De meetsystemen die je er voor nodig hebt, dat zijn systemen die echt voor luidsprekerontwikkeling zijn gemaakt, en die zijn heel erg duur. Je kunt er sferische plots (vert/horiz) mee maken, harmonische vervorming tegen spl uitzetten, isobarische plots, etc 

Alles is afhankelijk van hoeveel kasten je gebruikt en met welke hoeken, dus als je het hoog op orde hebt (moeilijkste punt) moet je ongelooflijk veel metingen gaan doen vanwege ongelooflijk veel variabelen. 
Ik wil je niet ontmoedigen, maar ik zou er niet aan beginnen voor de lol ofzo
Dan is er vooral veel akoestische en natuurkundige kennis nodig. Zelfbouw concepten/luidsprekers zijn al zo oud als de weg naar rome en daarom is het ook prima te doen, omdat er van alles voor te koop is, bekend is en gedaan/geprobeert is .... maar zelfbouw line array niet, dat is echt een heel ander verhaal

----------


## test12

Wat te denken van Line Array geschikt voor dolby surround voor in de auto.

m.v.g. Herman

----------


## - -Niels- -

Lijkt me niet verstandig het te gaan maken...

----------


## dokter dB

> citaat:_Geplaatst door test12_
> 
> Wat te denken van Line Array geschikt voor dolby surround voor in de auto.
> 
> m.v.g. Herman



ja of een line array van auto's, elke dag weer

 :Big Grin:  :Big Grin:  :Big Grin:  :Big Grin:  :Big Grin:

----------


## michiel

> citaat:_Geplaatst door dokter dB_
> 
> het heet line [u]array</u>, om te beginnen, en er komt heel erg veel bij kijken. 
> De meetsystemen die je er voor nodig hebt, dat zijn systemen die echt voor luidsprekerontwikkeling zijn gemaakt, en die zijn heel erg duur. Je kunt er sferische plots (vert/horiz) mee maken, harmonische vervorming tegen spl uitzetten, isobarische plots, etc 
> 
> Alles is afhankelijk van hoeveel kasten je gebruikt en met welke hoeken, dus als je het hoog op orde hebt (moeilijkste punt) moet je ongelooflijk veel metingen gaan doen vanwege ongelooflijk veel variabelen. 
> Ik wil je niet ontmoedigen, maar ik zou er niet aan beginnen voor de lol ofzo
> Dan is er vooral veel akoestische en natuurkundige kennis nodig. Zelfbouw concepten/luidsprekers zijn al zo oud als de weg naar rome en daarom is het ook prima te doen, omdat er van alles voor te koop is, bekend is en gedaan/geprobeert is .... maar zelfbouw line array niet, dat is echt een heel ander verhaal



Daarom ook een discussie hier. Om kennis te delen en op te doen. En misschien komt er wel iets uit. Denk maar niet dat ik voor de grap even een line array in elkaar zet. Weet ook wel dat de kosten niet te doen zijn. Maar dat kan na een aantal jaartjes research een heel ander verhaal worden. 
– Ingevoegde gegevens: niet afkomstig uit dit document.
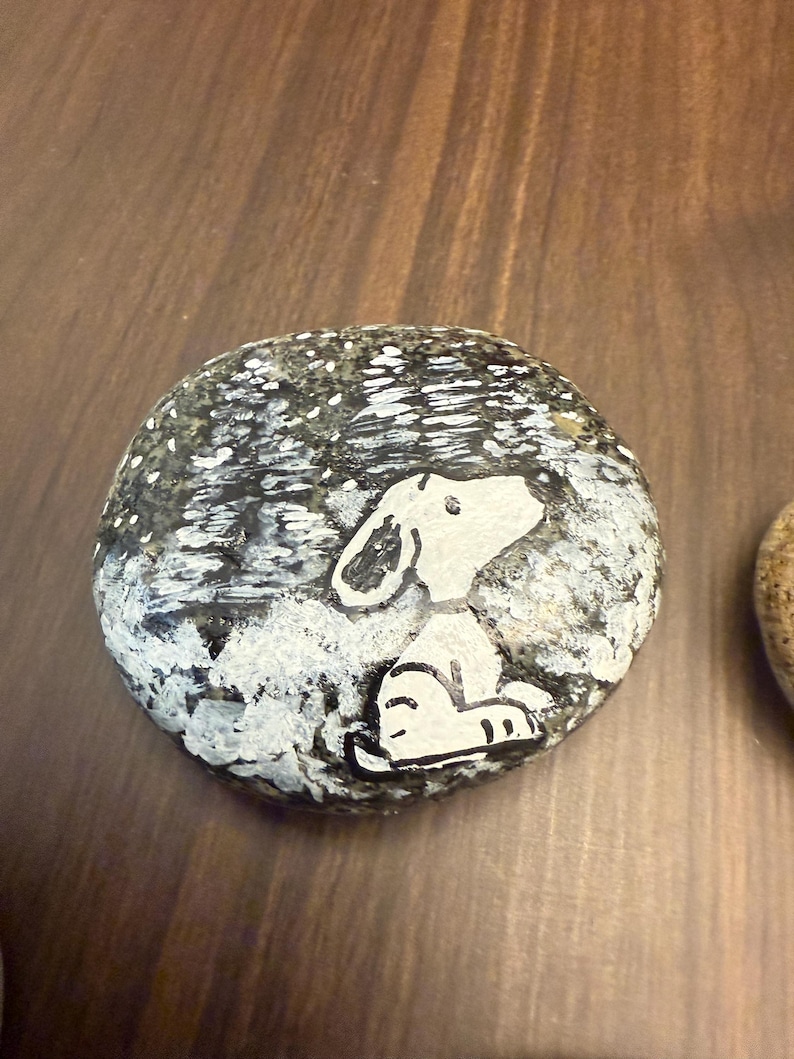 Puede incluir: Piedra pintada a mano con un perro de dibujos animados blanco sobre un fondo nevado. El perro est&aacute; sentado y mirando hacia arriba. La piedra est&aacute; sobre una superficie de madera. El fondo tiene un efecto moteado.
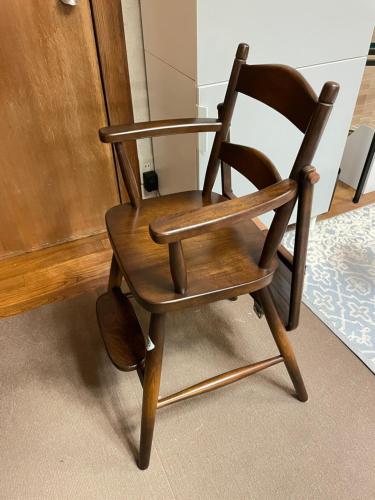 a wooden rocking chair sitting in a room at Kamakura Jomyoji Terrace-鎌倉浄明寺テラス- in Kamakura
als je geen uitdagingen aan gaat zul je weinig leren. En juist omdat er bij een line array ontzettend veel acoustische kennis komt kijken vind ik het leuk. Ik moet namelijk niet veel van elektro hebben, maar het acoustische deel vind ik zeer interesant! 

Dus om serieus over dergelijke dingen discusieren zal heel veel goed doen, en misschien wel leiden tot een poging om iets dergelijks te ontwerpen.
Ik blijf er bij dat het best te doen is (niet dat we straks met een systeem komen dat de rest op alle fronten verslaat). Allen het financiele gebeuren is de beperkende factor. Maar dit kan mij niet onthouden om er over na te denken.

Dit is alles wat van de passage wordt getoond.